A new documentary will shine a light on famed ‘90s fitness instructor Susan Powter’s public disappearance.
In a trailer for Stop the Insanity: Finding Susan Powter, shared by Entertainment Weekly on Tuesday, October 21, Powter, 67, is seen working as an Uber Eats driver in Las Vegas and admits to spending a “whole day in a welfare office.”
Australian-born Powter, who rose to fame through a series of ‘90s infomercials where her catchphrase, “Stop the insanity!” slammed the rise of fad diets, is also seen detailing the cause of her declining financials in the documentary, which was executive produced by Jamie Lee Curtis. (The fitness instructor allegedly amassed and lost nearly $200 million in business deals at the height of her fame, per EW.)
“People don’t know. I don’t see one penny, where’s it going?” Powter says. “I never said, ‘Show me the damn bank balance.’ I should’ve. Things had happened that nobody expected… the hand-me-downs of food.”
Curtis, 66, is also seen posing the question, “How much of the downfall is someone’s responsibility and how much is it bad actors?”
According to the outlet, the documentary will discuss how “shady management and legal associates drained her finances.”
Powter, who built a fitness empire after divorcing a former husband and losing more than 130 pounds, per USA Today, is also seen shopping for groceries in the trailer. Turning a packet of food over in her hand, she says, “Why bother reading the ingredients?”
The trailer also touches on Powter’s decision to write her 2024 memoir, And Then Em Died…: Stop the Insanity! A Memoir. “I just started writing in case anything happened to me,” she tells the camera.
“I think something’s shifting. The fear, the poverty, the hopelessness. It’s this tsunami of what was, what happened, the truth,” she adds. “I’m going to blow the roof off.”
In an interview with People in October 2024, Powter spoke candidly about the past two decades of her life. At the time, the outlet noted that she lived “in a low-income senior community where two times each week a local charity hands out free meals.”

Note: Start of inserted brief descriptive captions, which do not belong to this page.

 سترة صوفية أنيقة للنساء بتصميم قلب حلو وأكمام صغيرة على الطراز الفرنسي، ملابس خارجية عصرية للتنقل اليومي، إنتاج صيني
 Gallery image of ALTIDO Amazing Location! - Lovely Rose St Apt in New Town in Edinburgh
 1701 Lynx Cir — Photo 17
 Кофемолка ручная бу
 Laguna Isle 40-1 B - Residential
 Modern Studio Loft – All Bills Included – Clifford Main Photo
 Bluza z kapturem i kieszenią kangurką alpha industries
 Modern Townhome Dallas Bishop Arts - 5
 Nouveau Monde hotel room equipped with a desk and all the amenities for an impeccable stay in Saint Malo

Powter, who declared bankruptcy in 1995, said, “I’ve known desperation. Desperation is walking back from the welfare office. It’s the shock of, ‘From there, now I’m here? How in God’s name?’”

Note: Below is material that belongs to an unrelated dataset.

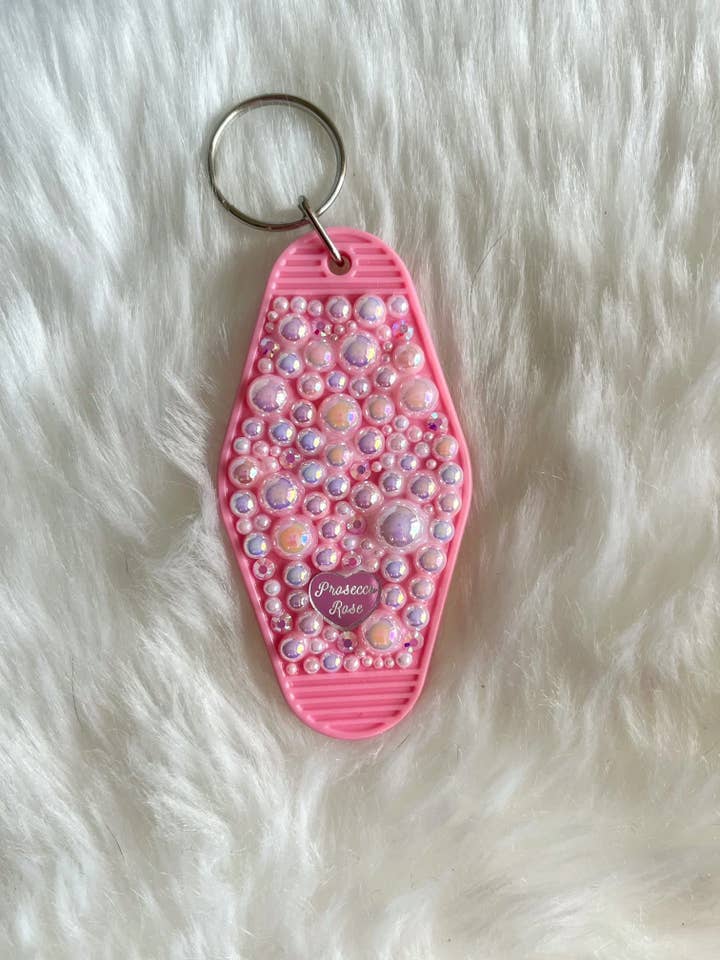 Porte-clés Pink Pearl Motel pour la vente par Prosecco Rose Boutique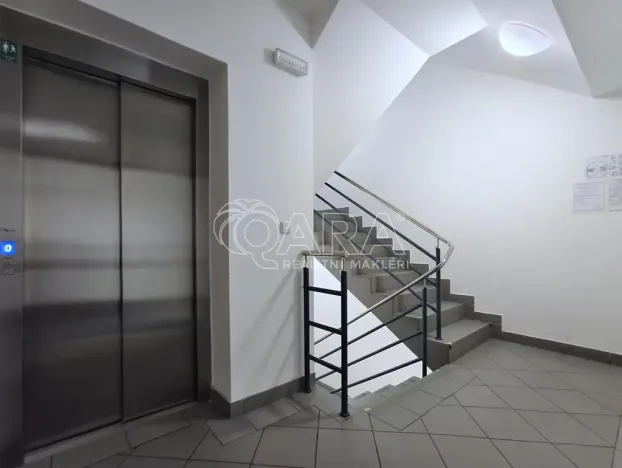 Pronájem kanceláře, Praha - Nusle, Hvězdova, 115 m2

She continued, “There was nothing but lawsuits in the ‘90s. They put me in pearls. They produced me out of me. Those segments — I can’t even watch them now.”

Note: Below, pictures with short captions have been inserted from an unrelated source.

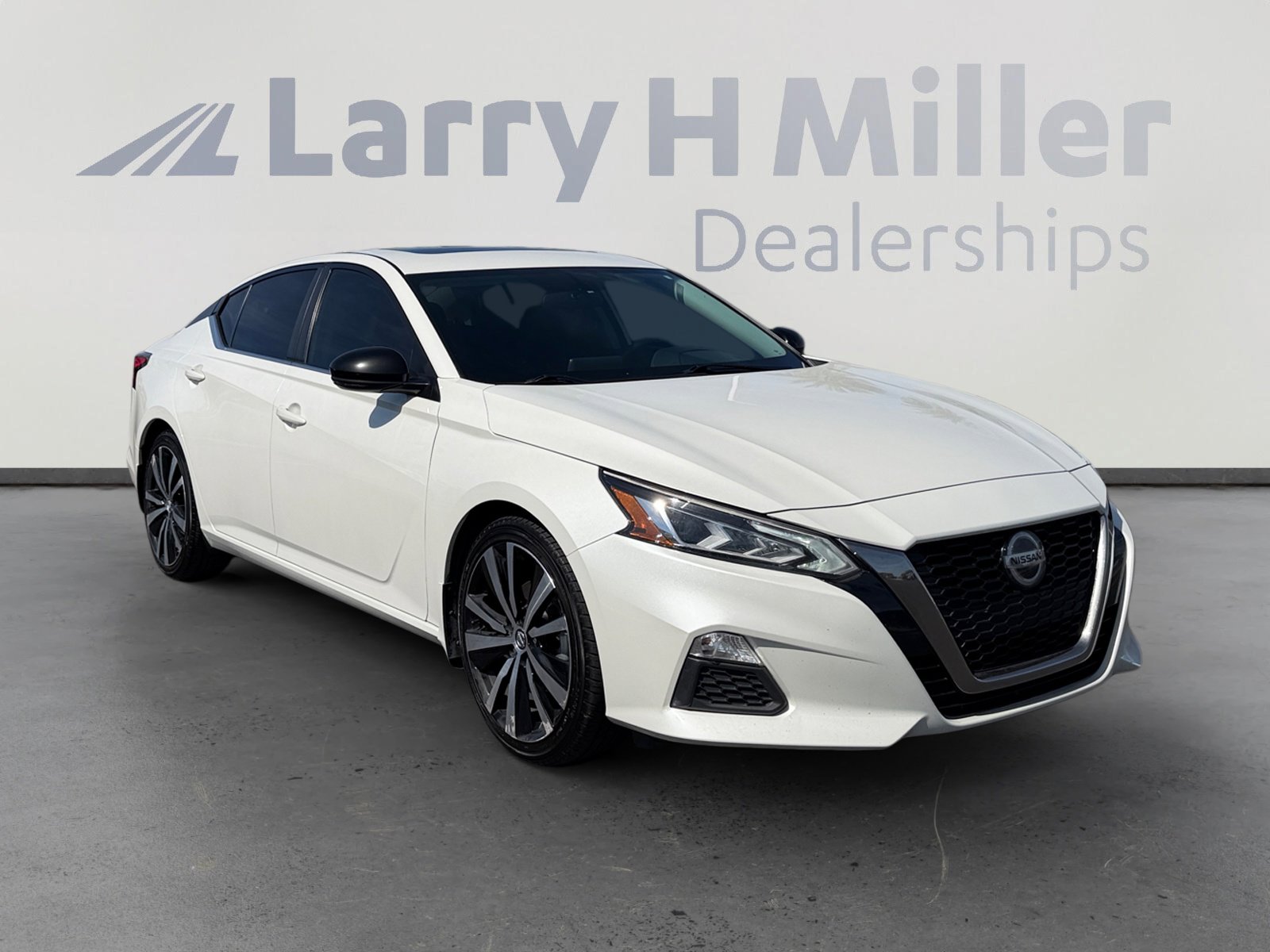 Used 2019 Nissan Altima 2.5 SR w/ SR Premium Package image 7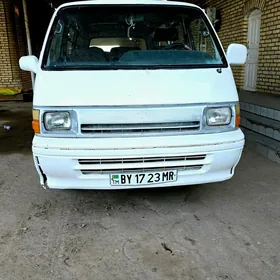 Toyota Hiace 1998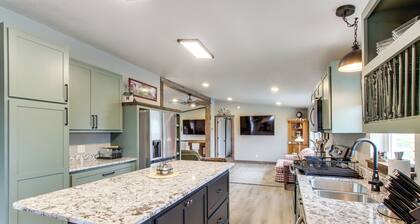 Newly Updated Countryside Home in South Gorin!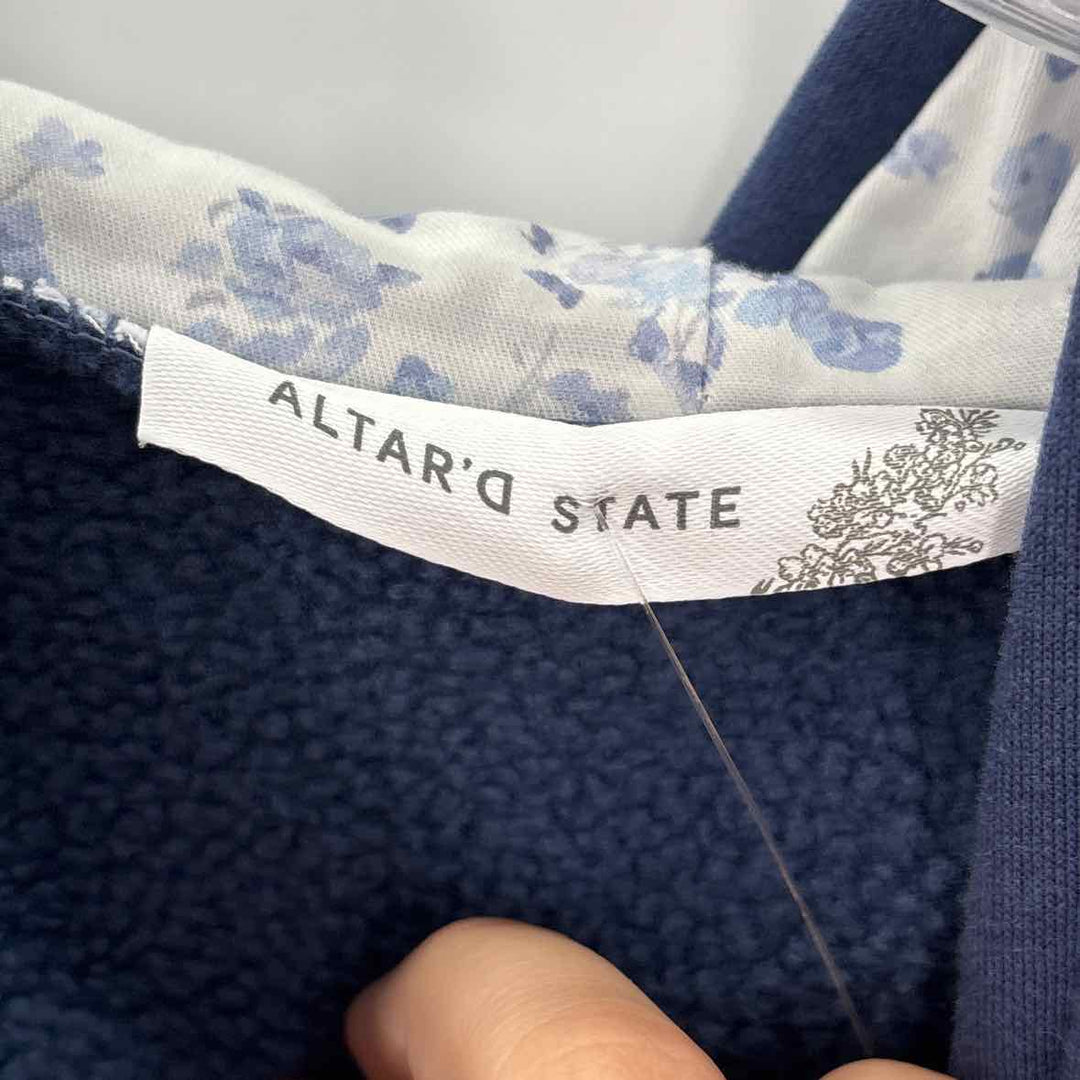 Size M ALTAR'D STATE Blue Shirt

Powter also made several management claims regarding her finances during the interview. “Someone else was handling it. I never checked balances,” she alleged. “I should have questioned. I fully acknowledge that. I made a mistake. I knew how much control I gave up. I didn’t know what got paid where, but I had no property. There was no fund left for my children.” (Powter is mother to three sons including a third whom she adopted as an infant after publicly coming out as a lesbian in 2004.)
She also discussed her job as a food delivery driver. “I’ve got 4,800 total trips,” she told the outlet. “I’m a hard worker and I take care of that food and I’m proud of the work I put in … I’m not looking for a big fancy-schmancy life.”